Word for word, transcribe the data below from the line with "Urinal Partition,3 PCS" to the line with "Miami Heat 75th", keeping both of those lines.
━━━ DATASET CONTENT
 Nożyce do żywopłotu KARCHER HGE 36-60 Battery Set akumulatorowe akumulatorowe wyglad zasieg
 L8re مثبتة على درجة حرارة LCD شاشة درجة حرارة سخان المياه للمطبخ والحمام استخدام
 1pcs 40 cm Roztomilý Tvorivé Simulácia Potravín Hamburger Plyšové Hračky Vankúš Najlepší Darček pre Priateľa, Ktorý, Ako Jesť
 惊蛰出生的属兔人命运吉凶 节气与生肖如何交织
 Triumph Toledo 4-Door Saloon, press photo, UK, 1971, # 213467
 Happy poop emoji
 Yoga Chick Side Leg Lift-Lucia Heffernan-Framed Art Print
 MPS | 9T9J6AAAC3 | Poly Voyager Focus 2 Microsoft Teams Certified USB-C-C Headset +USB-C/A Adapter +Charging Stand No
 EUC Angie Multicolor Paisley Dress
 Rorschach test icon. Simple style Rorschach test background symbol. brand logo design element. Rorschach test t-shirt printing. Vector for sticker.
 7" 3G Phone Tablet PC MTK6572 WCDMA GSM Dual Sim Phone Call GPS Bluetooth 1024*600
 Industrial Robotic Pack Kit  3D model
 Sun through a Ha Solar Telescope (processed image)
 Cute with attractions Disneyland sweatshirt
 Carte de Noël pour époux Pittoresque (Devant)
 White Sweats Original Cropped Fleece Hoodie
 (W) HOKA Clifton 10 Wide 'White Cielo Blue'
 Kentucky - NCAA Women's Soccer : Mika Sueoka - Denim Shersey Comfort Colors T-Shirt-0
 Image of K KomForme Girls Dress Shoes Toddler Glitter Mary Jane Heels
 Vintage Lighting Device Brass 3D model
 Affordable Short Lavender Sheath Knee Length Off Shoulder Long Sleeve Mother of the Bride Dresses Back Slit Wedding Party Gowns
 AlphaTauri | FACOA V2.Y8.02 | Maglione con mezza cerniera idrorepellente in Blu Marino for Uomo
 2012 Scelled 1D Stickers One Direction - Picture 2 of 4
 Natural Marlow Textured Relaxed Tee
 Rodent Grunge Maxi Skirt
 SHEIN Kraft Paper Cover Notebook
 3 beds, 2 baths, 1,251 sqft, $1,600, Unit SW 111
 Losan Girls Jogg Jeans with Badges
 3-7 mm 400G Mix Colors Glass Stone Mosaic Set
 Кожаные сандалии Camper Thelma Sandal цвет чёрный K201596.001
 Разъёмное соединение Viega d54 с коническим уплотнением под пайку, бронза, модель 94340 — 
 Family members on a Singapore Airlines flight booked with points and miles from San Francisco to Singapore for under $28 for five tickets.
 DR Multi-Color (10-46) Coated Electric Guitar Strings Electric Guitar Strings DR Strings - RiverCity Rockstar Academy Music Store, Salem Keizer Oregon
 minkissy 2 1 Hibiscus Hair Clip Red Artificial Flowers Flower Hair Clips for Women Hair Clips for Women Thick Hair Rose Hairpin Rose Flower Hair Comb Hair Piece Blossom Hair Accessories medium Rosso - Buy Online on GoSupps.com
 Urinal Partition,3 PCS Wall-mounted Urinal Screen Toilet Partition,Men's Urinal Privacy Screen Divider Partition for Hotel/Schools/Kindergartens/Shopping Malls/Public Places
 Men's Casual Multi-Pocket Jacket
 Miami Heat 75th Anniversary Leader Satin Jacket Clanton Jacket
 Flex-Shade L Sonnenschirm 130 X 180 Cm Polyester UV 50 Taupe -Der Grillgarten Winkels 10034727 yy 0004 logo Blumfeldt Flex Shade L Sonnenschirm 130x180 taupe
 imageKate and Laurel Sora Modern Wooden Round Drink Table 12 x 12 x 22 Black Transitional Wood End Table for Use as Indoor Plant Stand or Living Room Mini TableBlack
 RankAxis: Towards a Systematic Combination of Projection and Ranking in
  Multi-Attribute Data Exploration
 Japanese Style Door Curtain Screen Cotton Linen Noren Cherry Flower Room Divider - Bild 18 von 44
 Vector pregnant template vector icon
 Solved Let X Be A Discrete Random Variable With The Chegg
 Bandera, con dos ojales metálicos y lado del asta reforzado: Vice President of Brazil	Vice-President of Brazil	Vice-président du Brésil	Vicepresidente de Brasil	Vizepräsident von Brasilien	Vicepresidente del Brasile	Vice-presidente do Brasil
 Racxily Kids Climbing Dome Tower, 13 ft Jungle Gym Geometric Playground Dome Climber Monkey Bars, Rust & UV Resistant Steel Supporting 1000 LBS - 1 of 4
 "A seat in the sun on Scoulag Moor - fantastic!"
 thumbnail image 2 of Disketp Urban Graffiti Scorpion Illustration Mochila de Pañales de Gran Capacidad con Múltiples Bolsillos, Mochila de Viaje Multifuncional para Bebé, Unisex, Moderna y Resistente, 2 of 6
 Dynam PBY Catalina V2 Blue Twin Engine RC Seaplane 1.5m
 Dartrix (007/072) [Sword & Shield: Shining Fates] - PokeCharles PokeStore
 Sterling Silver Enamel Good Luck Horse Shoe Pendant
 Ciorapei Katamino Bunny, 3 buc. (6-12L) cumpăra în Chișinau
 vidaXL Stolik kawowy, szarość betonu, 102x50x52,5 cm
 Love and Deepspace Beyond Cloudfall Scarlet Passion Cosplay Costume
━━━━━━
## RESPONSE BELOW
 Urinal Partition,3 PCS Wall-mounted Urinal Screen Toilet Partition,Men's Urinal Privacy Screen Divider Partition for Hotel/Schools/Kindergartens/Shopping Malls/Public Places
 Men's Casual Multi-Pocket Jacket
 Miami Heat 75th Anniversary Leader Satin Jacket Clanton Jacket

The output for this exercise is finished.